About the Classification and Types of Gemstones

The first aspect of all manners of classification when it comes to gemstones is the difference between stones that are grouped as precious, and those that are grouped as semi-precious. These distinctions date back to the time of Ancient Greece, and still apply today.

Precious Stones

In the West, the modern consensus is that there are four stones that can be classified as the most precious, which are emeralds, sapphires, rubies, and diamonds. The reasoning behind this categorization is anything but methodical. The main reason was due to the rarity of these four stones in these ancient days gone by. It was also a matter of their qualities; all four of these precious gemstones are considered to have the finest colours (apart from the diamond) when they are found in their purest forms, and all are meant to have incredible translucency, as well as having the most dense matter. A gem's hardness is measured on what is called the Mohs scale, which is basically a measure of the strength and ability of one piece of matter to scratch another. All of the four precious stones mentioned above measure between eight and ten on the Mohs scale; the diamond being the hardest at ten.

Semi Precious Stones

All other gemstones are classed as semi-precious when compared with the four above, and are judged by their hardness, their translucency and their colour. This task of classifying different stones is a job done by 'gemologists' in the area of gemology. And it's quite a scientific undertaking! The first task a gemologist needs to undertake when faced with a stone is to identify its chemical composition. This means, basically, finding out for each element the simplest whole number ratio of atoms readily available in a compound. For example, the chemical arrangement of peridot would be (Mg,Fe)2SiO4, and for diamonds, it would be C, for carbon. After this has been decided, the gem then has to be classified under the crystal system, so they might be monoclinic, trigonal, or cubic (as in cubic zirconia).

Further Classification

After this is completed, it's a case of putting the gem into it's group, species, and variety. For instance, aquamarine (which is blue), heliodor (which is yellow), and bixbite (which is red) all come under the same variety of stone, known as beryl.
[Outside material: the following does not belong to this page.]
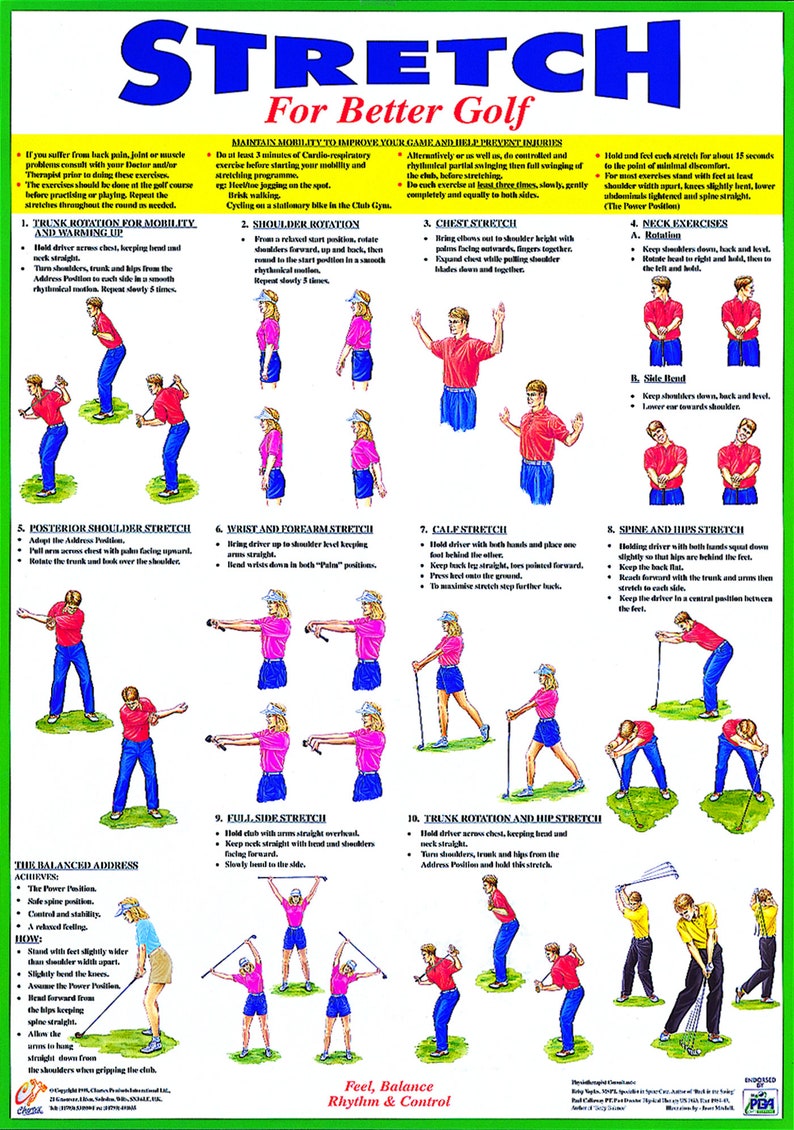 Golf Warm Up Poster Golf Instruction Chart Etsy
And that's not even the end of it! Further classifications involve going into depth about the gemstones fracture, cleavage, lustre, specific gravity, dispersion, and refractive index, to name but a few. And if the stone itself contains defects or other materials, it is known as having inclusions. So it's really a very complicated task.

Strangely, you would think that due the complexities of the classification system, precious stones were more expensive than semi-precious stones. Although this can be true, it is not in every single case. Garnets are classed as semi-precious, and are quite reasonably priced. However, a certain type of garnet called tsavorite is actually more expensive than an emerald of medium quality.